### Action item:
Restate the data word for word and leave the images out.

### Dataset extract:
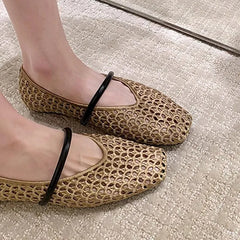 Square Toe Perforated Mary Jane Flats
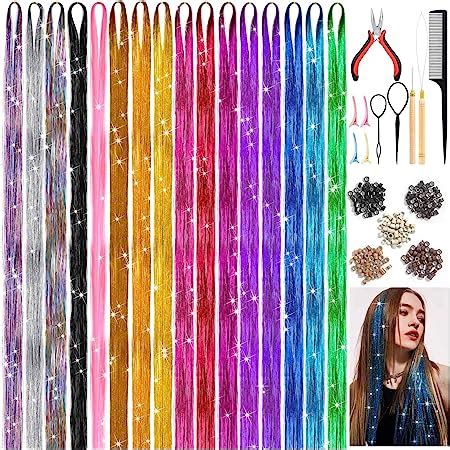 Amazon Hair Tinsel Kit 48 Inch 24 Colors 6000 Strands Tinsel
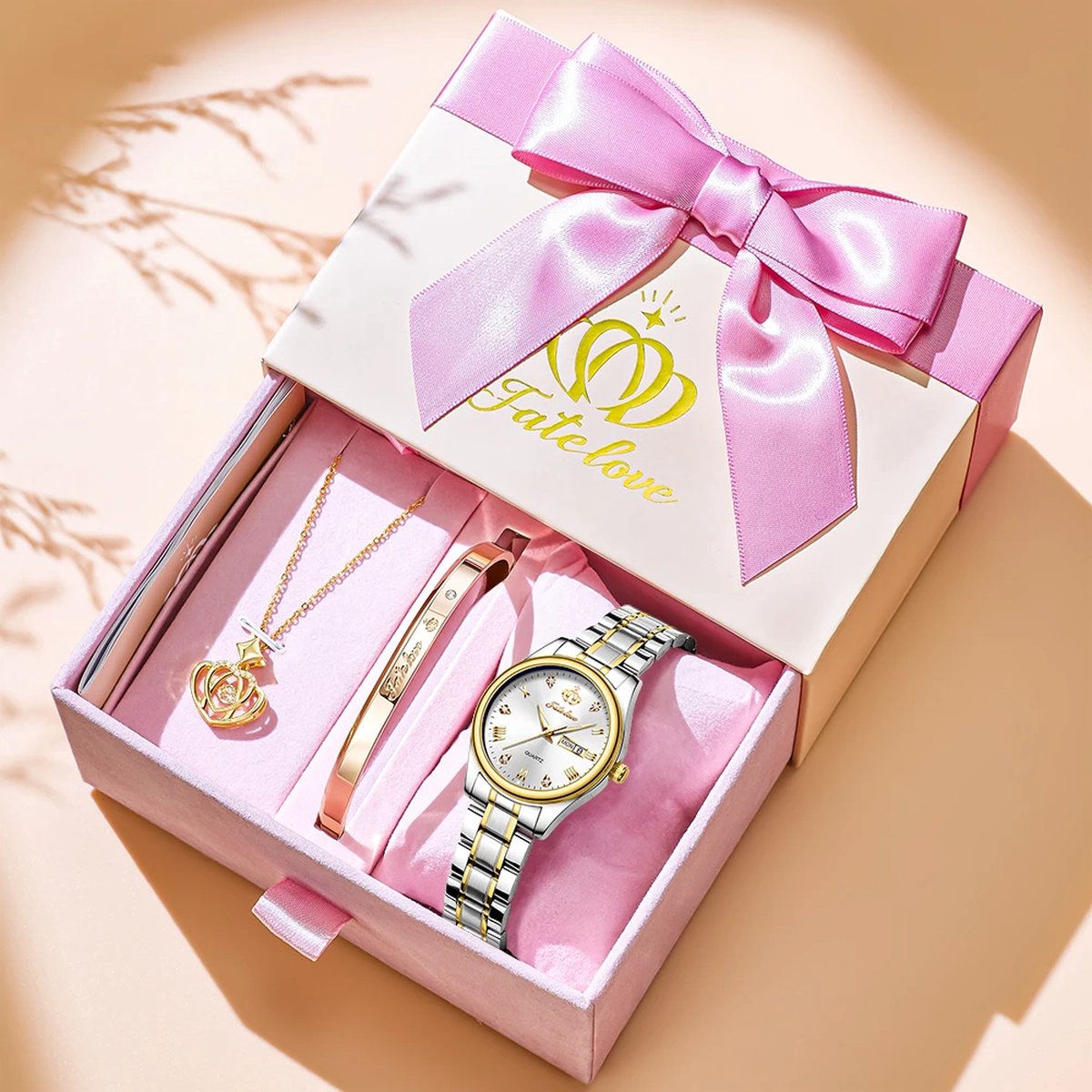 Luxe Quartz Horloge Voor Vrouwen Roestvrij Staal Waterdicht Klassiekers Polshorloge Voor Dames Armband Sets Vrouwen Horloge - Brown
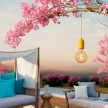 EIVA PASTEL Outdoor pendant lamp with 5 mt  textile cable, decentralizer,  ceiling rose and lamp holder IP65 water resistant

### Final answer:
 Square Toe Perforated Mary Jane Flats
 Amazon Hair Tinsel Kit 48 Inch 24 Colors 6000 Strands Tinsel
 Luxe Quartz Horloge Voor Vrouwen Roestvrij Staal Waterdicht Klassiekers Polshorloge Voor Dames Armband Sets Vrouwen Horloge - Brown
 EIVA PASTEL Outdoor pendant lamp with 5 mt  textile cable, decentralizer,  ceiling rose and lamp holder IP65 water resistant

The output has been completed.